HackerEarth Special Bit Numbers problem solution

In this HackerEarth Special Bit Numbers problem solution, A number is known as a special bit number if its binary representation contains at least two consecutive 1's or set bits. For example 7 with binary representation 111 is a special bit number. Similarly, 3(11) is also a special bit number as it contains at least two consecutive set bits or ones.

Now the problem is, You are given an array of N integers and Q queries. Each query is defined by two integers L, R. You have to output the count of special bit numbers in the range L to R.
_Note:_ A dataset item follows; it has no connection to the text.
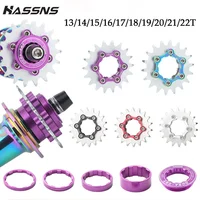 HASSNS k7 casete de marcha única 13T-22T MTB kit de conversión de marcha única para 8 9 10 11 12 velocidades pendiente del suelo camión HG hub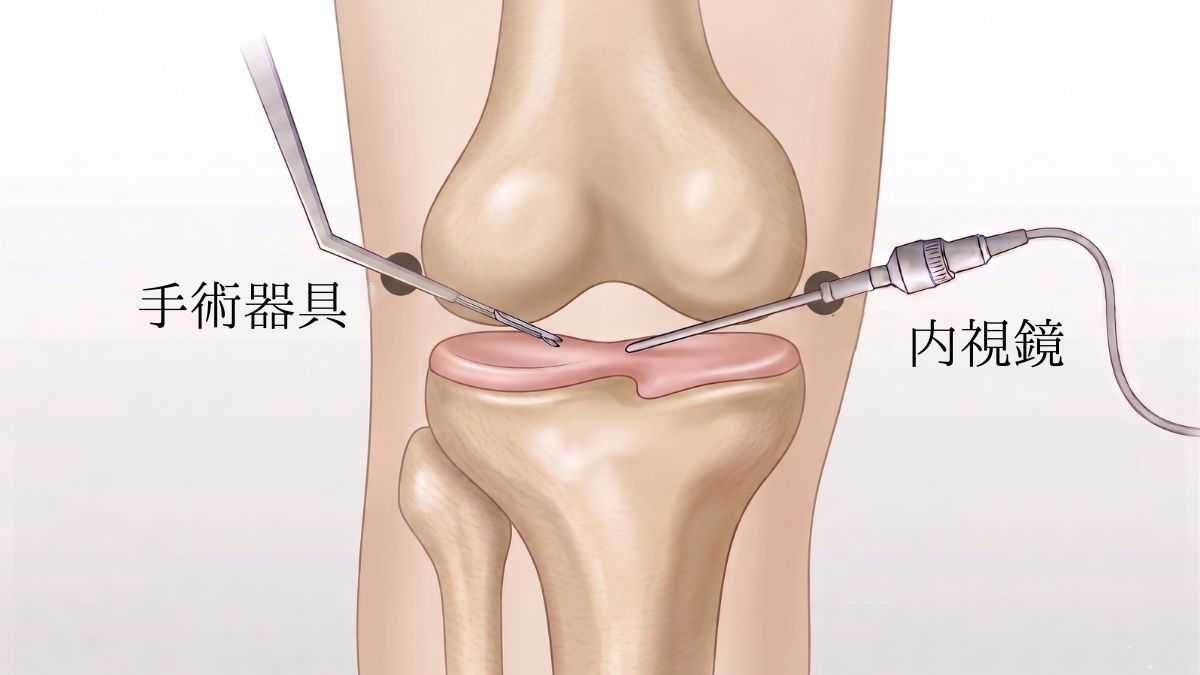関節鏡手術のイラスト図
HackerEarth Special Bit Numbers problem solution.

#include <bits/stdc++.h>

using namespace std;

int main()
{

    int n, q;
    cin >> n >> q;

    int pre[n + 1] = {};

    for(int i = 1; i <= n; i++){

        int x;
        cin >> x;
        pre[i] = pre[i - 1];
        if(x & (x << 1))
            pre[i]++;

    }


    while(q--){

        int l, r;
        cin >> l >> r;

        cout << pre[r] - pre[l - 1] << endl;

    }

    return 0;
}

Second solution

#include<bits/stdc++.h>
#define LL long long int
#define M 1000000007
#define endl "\n"
#define eps 0.00000001
#define check(a , b , c) assert(a >= b && a <= c)
LL pow(LL a,LL b,LL m){LL x=1,y=a;while(b > 0){if(b%2 == 1){x=(x*y);if(x>m) x%=m;}y = (y*y);if(y>m) y%=m;b /= 2;}return x%m;}
LL gcd(LL a,LL b){if(b==0) return a; else return gcd(b,a%b);}
LL gen(LL start,LL end){LL diff = end-start;LL temp = rand()%start;return temp+diff;}
using namespace std;
int a[100001];
int main()
    {
        ios_base::sync_with_stdio(0);
        int n , q;
        cin >> n >> q;
        for(int i = 1; i <= n; i++)
            {
                cin >> a[i];
                int pre = 0 , cur = 0;
                while(a[i])
                    {
                        cur = a[i] % 2;
                        if(pre == 1 && cur == 1)
                            {
                                a[i] = 1;
                                break;
                            }
                        pre = cur;
                        a[i] /= 2;
                    }
                a[i] = a[i - 1] + a[i];
            }
        while(q--)
            {
                int l , r;
                cin >> l >> r;
                cout << a[r] - a[l - 1] << endl;
            }
    }